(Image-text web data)
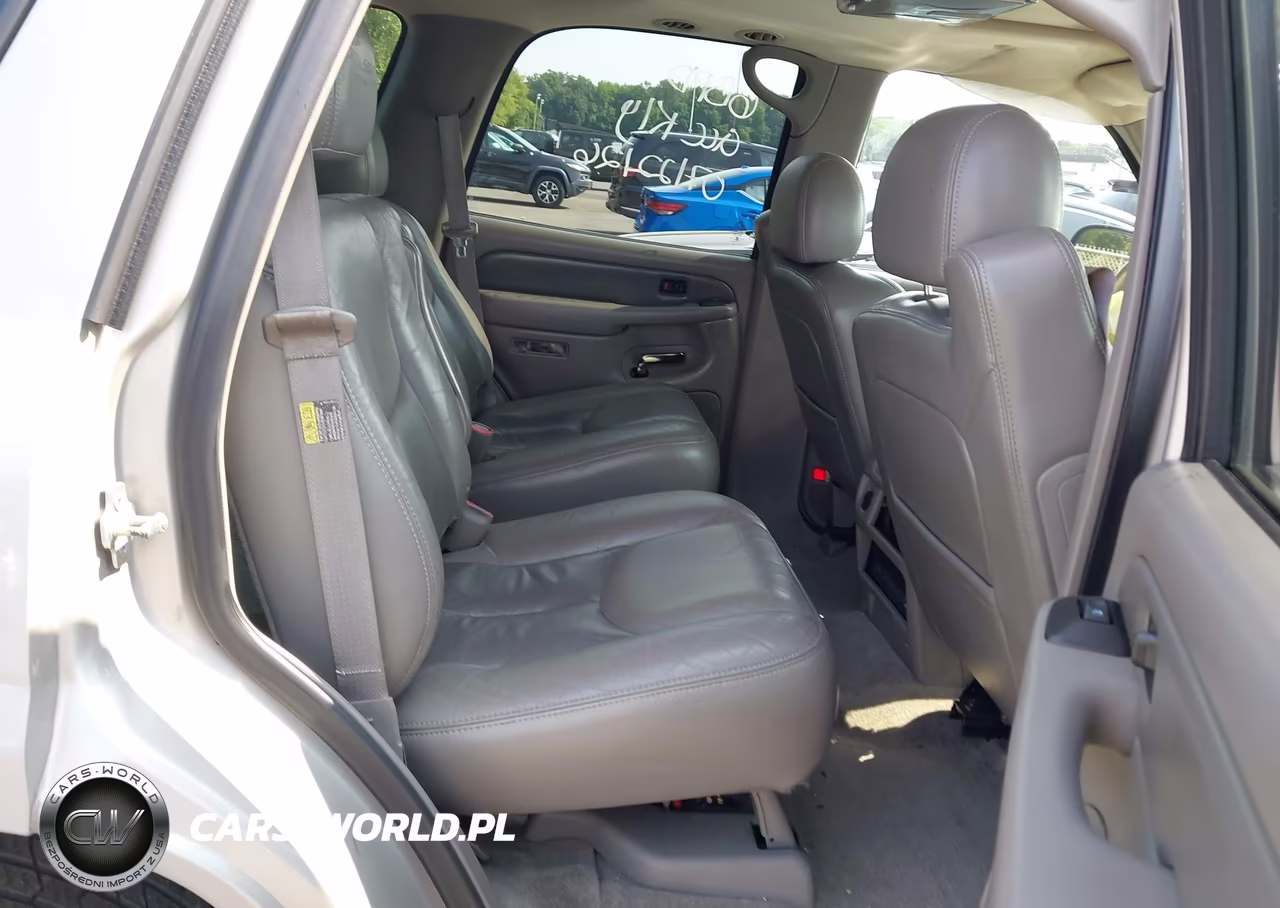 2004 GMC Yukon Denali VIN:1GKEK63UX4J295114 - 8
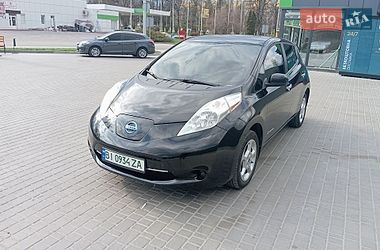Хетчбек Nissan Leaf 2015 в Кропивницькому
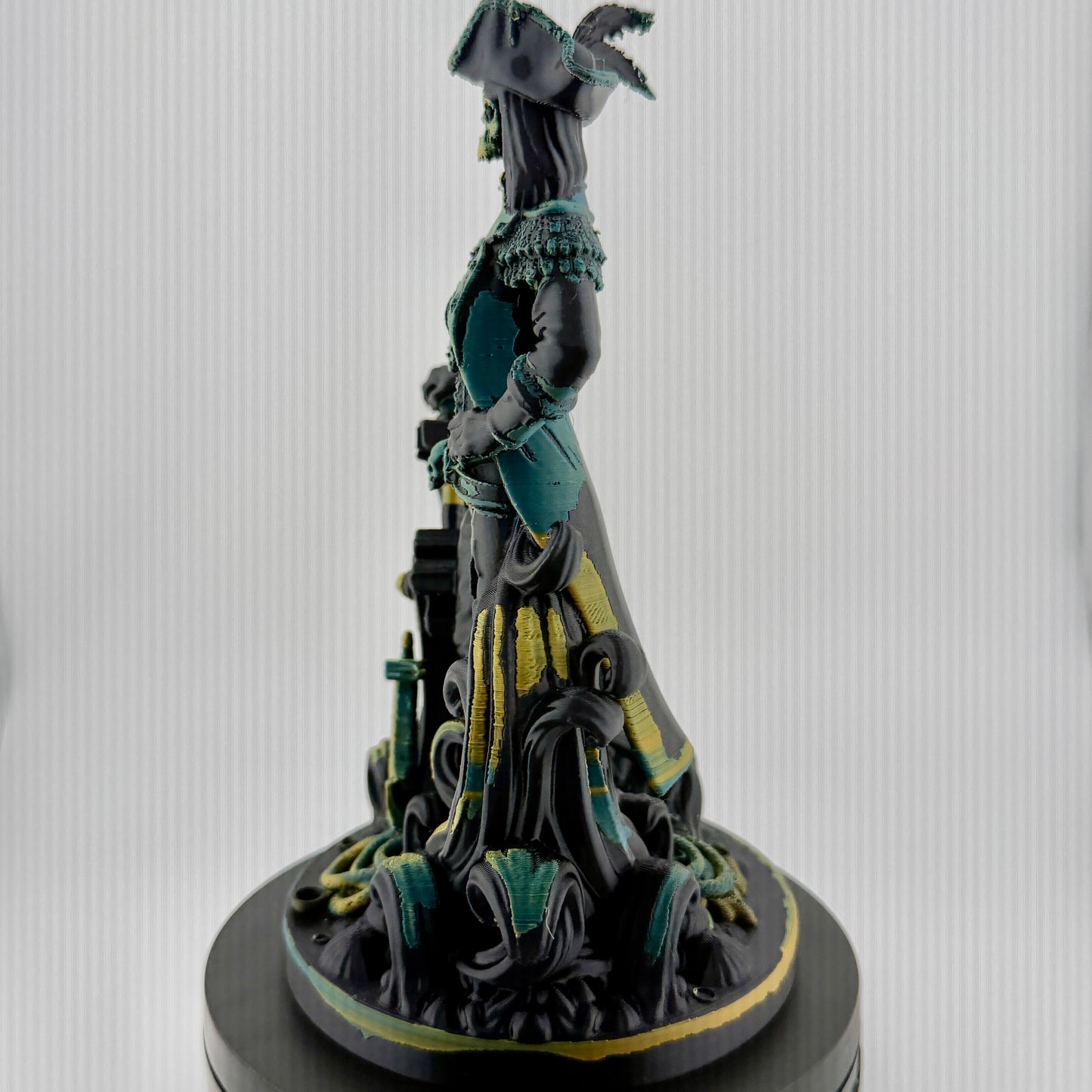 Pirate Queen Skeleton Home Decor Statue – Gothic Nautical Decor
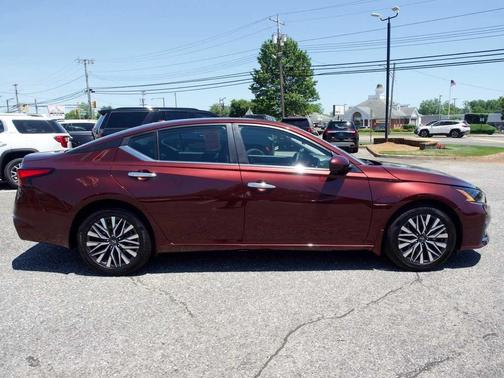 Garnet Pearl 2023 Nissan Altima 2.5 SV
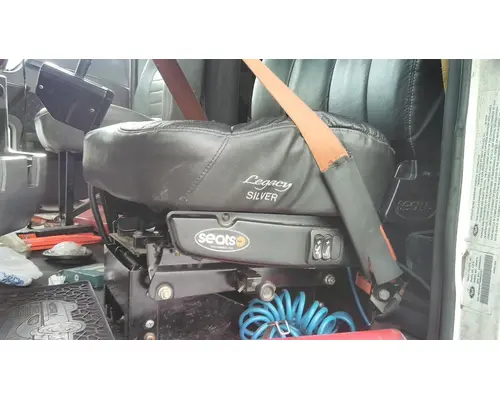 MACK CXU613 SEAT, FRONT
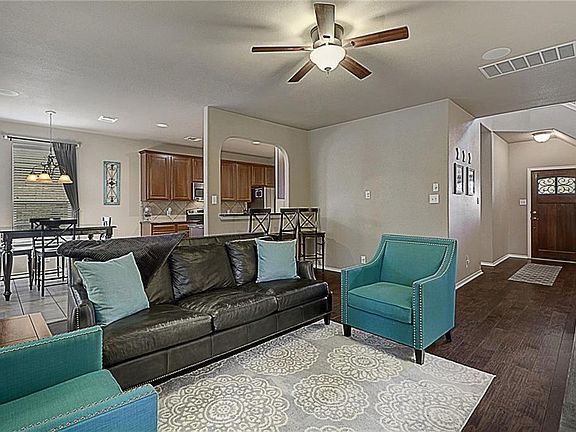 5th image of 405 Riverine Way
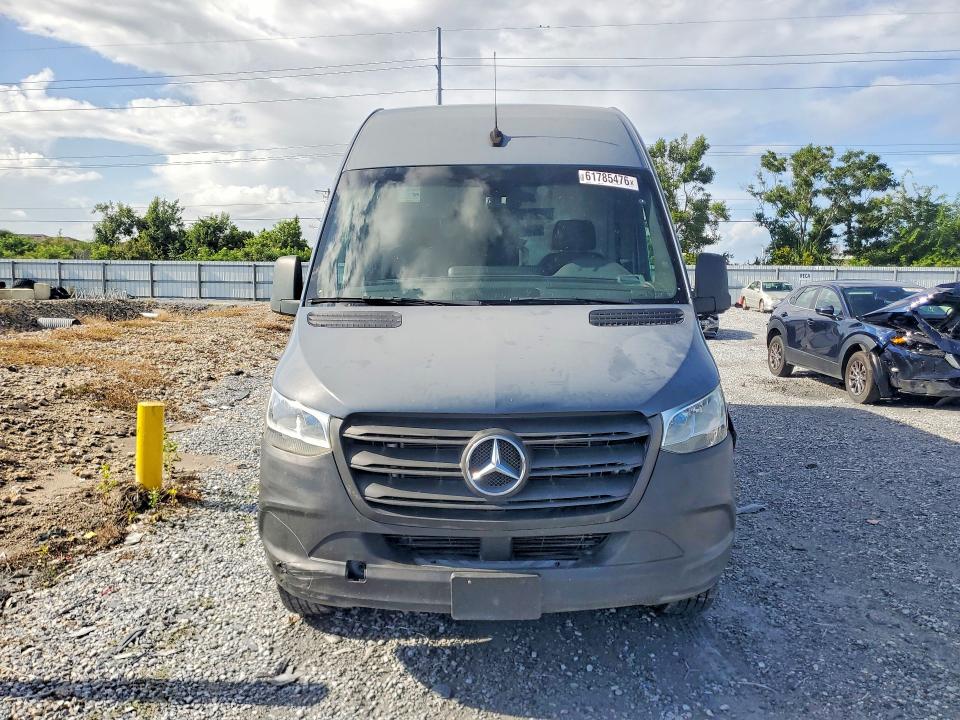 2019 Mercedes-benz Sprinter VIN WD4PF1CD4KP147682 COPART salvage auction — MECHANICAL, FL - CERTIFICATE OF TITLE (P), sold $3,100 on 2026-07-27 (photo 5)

__Task brief__
In the data above, find the line containing "Хетчбек Nissan Leaf 2015 в Кропивницькому"; from there, please write out each line through the end, exactly, with the pictures omitted.

__Task response__
Хетчбек Nissan Leaf 2015 в Кропивницькому
 Pirate Queen Skeleton Home Decor Statue – Gothic Nautical Decor
 Garnet Pearl 2023 Nissan Altima 2.5 SV
 MACK CXU613 SEAT, FRONT
 5th image of 405 Riverine Way
 2019 Mercedes-benz Sprinter VIN WD4PF1CD4KP147682 COPART salvage auction — MECHANICAL, FL - CERTIFICATE OF TITLE (P), sold $3,100 on 2026-07-27 (photo 5)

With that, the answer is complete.